Page:Revue des Deux Mondes - 1860 - tome 28.djvu/226

La bibliothèque libre.
Le texte de cette page a été corrigé et est conforme au fac-similé.

Ainsi la puissance, le mode d’action d’une machine, tout, jusqu’à la matière qui sert à la fabriquer, doit être pris en sérieuse considération, afin que chacun conforme bien ses achats aux besoins réels de sa position particulière. Le choix judicieux des instrumens agricoles dépend donc, comme le choix judicieux des ouvriers, des assolemens et des animaux, de cette native rectitude d’esprit qui facilite singulièrement tout succès. On peut apprécier la valeur d’une ferme d’après plusieurs signes : le soin des fumiers, la tenue des bestiaux, la disposition des bâtimens, permettent de juger par avance dans la cour de l’exploitation, et sans visiter les champs, quel est le mérite du chef. Un simple coup d’œil sur la machinerie fournira le même renseignement avec un égal degré de certitude. Là où vous ne verrez que d’incommodes et mauvais outils, soyez certain que vous ne trouverez ni assez de fourrages, ni assez de bestiaux, ni assez de fumiers pour assurer de bonnes récoltes. Là où vous rencontrerez des collections entières d’instrumens de toute sorte, des engins élégamment disposés, datant tous du plus récent concours, soyez convaincu que vous avez affaire à un esprit peu pratique, vaniteux et superficiel. Le paysan routinier n’a pas de machines, ou n’en a que de défectueuses ; l’agriculteur gants-jaunes, si je puis m’exprimer ainsi, en a trop, et n’a pas souvent les plus économiques.

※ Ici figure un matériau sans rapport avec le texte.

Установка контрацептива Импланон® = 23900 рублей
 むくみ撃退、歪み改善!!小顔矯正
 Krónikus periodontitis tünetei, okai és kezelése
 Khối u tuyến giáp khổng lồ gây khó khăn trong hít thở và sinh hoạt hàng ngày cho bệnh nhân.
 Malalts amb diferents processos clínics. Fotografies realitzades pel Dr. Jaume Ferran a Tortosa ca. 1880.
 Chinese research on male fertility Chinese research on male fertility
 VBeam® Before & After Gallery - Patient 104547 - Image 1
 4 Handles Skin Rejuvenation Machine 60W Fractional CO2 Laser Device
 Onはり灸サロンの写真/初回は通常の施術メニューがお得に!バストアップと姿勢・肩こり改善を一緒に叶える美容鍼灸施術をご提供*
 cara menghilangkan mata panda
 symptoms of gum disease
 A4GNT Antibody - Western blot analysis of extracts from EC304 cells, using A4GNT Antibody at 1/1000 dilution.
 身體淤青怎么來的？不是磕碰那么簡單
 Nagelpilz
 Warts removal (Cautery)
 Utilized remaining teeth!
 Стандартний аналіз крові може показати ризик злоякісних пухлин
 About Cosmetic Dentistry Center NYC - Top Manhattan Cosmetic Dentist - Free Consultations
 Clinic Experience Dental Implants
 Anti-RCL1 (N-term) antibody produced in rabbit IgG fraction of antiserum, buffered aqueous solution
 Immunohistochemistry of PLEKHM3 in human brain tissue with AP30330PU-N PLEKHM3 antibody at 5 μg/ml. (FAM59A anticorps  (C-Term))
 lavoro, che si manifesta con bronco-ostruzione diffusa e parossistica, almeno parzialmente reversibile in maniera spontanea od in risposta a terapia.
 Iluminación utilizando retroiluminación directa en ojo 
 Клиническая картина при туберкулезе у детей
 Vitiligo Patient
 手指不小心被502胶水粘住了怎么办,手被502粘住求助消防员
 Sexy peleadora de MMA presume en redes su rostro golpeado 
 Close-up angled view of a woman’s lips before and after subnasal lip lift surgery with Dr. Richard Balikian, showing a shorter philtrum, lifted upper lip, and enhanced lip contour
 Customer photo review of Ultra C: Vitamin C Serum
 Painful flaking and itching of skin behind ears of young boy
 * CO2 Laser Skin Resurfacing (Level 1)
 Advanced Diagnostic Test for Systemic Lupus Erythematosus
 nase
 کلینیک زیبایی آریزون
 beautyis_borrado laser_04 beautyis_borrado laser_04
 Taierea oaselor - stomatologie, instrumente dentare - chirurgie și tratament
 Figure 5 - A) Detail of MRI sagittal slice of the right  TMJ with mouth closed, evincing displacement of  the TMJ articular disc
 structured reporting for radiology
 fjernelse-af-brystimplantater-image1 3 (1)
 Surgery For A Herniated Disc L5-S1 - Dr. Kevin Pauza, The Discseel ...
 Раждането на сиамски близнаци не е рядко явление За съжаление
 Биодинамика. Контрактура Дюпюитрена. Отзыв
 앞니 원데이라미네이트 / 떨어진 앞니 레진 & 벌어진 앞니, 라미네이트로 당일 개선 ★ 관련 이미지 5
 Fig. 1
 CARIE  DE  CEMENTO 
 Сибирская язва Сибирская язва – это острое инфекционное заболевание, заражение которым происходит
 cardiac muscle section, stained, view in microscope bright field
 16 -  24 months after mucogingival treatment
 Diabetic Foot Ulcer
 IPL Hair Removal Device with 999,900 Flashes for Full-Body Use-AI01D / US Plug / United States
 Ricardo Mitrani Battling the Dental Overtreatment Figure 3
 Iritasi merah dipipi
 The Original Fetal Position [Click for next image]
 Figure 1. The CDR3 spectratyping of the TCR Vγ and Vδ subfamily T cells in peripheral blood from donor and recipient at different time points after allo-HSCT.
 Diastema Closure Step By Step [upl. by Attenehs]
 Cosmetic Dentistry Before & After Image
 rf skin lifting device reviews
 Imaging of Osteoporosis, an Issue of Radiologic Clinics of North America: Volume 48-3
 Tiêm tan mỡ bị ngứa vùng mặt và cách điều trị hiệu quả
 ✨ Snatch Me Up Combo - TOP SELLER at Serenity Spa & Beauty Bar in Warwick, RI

Étant compris quels instrumens on doit acheter, et combien on doit préférer ceux dont la force et la simplicité s’accommodent mieux des allures un peu grossières de nos paysans, il reste encore à vaincre une difficulté que je ne veux pas taire : la malveillance stupide qu’éprouvent souvent nos ouvriers ruraux pour les instrumens qu’ils ne connaissent point, et dont ils redoutent la réussite. Il faut, quand on se trouve ainsi contrarié par une opposition coupable, prendre bravement et énergiquement son parti, c’est-à-dire surveiller soi-même pendant longtemps l’emploi des machines nouvelles, stimuler l’amour-propre des ouvriers, leur faire voir qu’on apprécie bien les causes des premiers accidens qui se produisent, puis, si ces causes persistent par suite d’une hostilité continue, ne pas hésiter à renvoyer l’homme qui se refuse à obéir. Ni l’absentéisme, ni l’ignorance, ni la faiblesse ne permettent en semblables circonstances d’espérer le succès, et l’obligation où se trouveront certains propriétaires de diriger plus personnellement qu’autrefois les travaux nécessaires pour améliorer leurs domaines ne sera peut-être pas un des moindres services que nous rendront les machines agricoles. Le goût des occupations rurales, qui depuis une dizaine d’années augmente notablement déjà, devrait alors aux machines une popularité plus grande encore.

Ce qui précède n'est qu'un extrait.